This week, Brent, Erik, and Richie discuss small vendor apps, “Slow in the Application, Fast in SSMS?”, virtualization, licensing, msdb backup history issues, implicit transactions, how to convince your boss to allow you to use sp_blitz, and more!
Enjoy the Podcast?
Office Hours Webcast – 2018-10-17
Should I use an instance for each 3rd party database?
Brent Ozar: Donna starts out asking, “For small vendor apps, do you recommend spinning up a SQL Server instance for them so that you end up with multiple instances per server? Or do you recommend one instance with multiple databases for different apps, assuming you don’t have to give the vendor sysadmin rights?”

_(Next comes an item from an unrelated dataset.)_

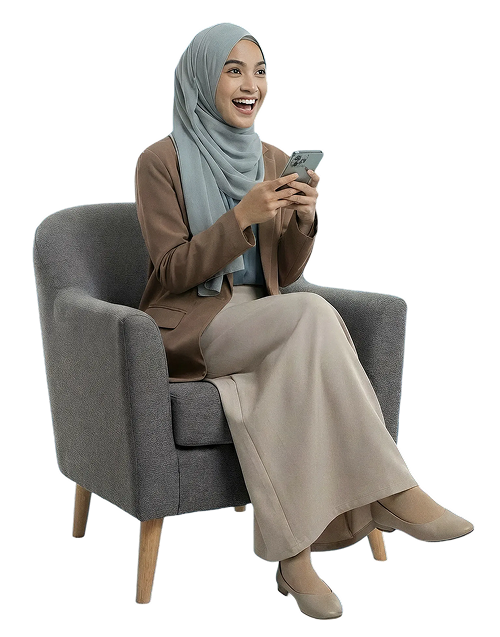 woman sitting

Erik Darling: I mean, if they don’t have to talk to each other, I’d probably want to keep them as separate as possible. Who knows, I’ve had different needs for settings. They might have some weird stuff going on. Maintenance stuff, who knows if one vendor app might support a newer version of SQL; one might not. If you want to move out to a new version, you know – you know, if things are truly different, put them somewhere else. Especially VMs make it so easy to separate stuff out like that without having a bajillion different pieces of hardware [server acts] and everything. I would much rather just do that.
Then, you know, that makes patching SQL Server easier. You don’t have to wait for downtime across a bunch of different apps. One of the servers goes down, you don’t have a bunch of apps out. There’s a lot of different reasons that I would keep things as logically separate as possible.
Richie Rump: You said virtualize and not a separate instance, right? Those are two big different things.
Brent Ozar: Yeah, and it does increase your management work. There’s more servers that you got to watch. But boy, I tell you what, the first time that you can get a restart on one of them without affecting anybody else, that’s kind of magical. Windows patches, same exact deal.
Brent Ozar: Garret follows up and says says, “But you need to license more VMs.” Well, so Standard Edition, you could do instant stacking inside one VM, but yeah, you have to license an entire host with Enterprise Edition if you want to run multiple VMs. Usually in most shops these days, you see people running VMs where the host is licensed with Enterprise Edition. They buy separate hosts just for their SQL Servers.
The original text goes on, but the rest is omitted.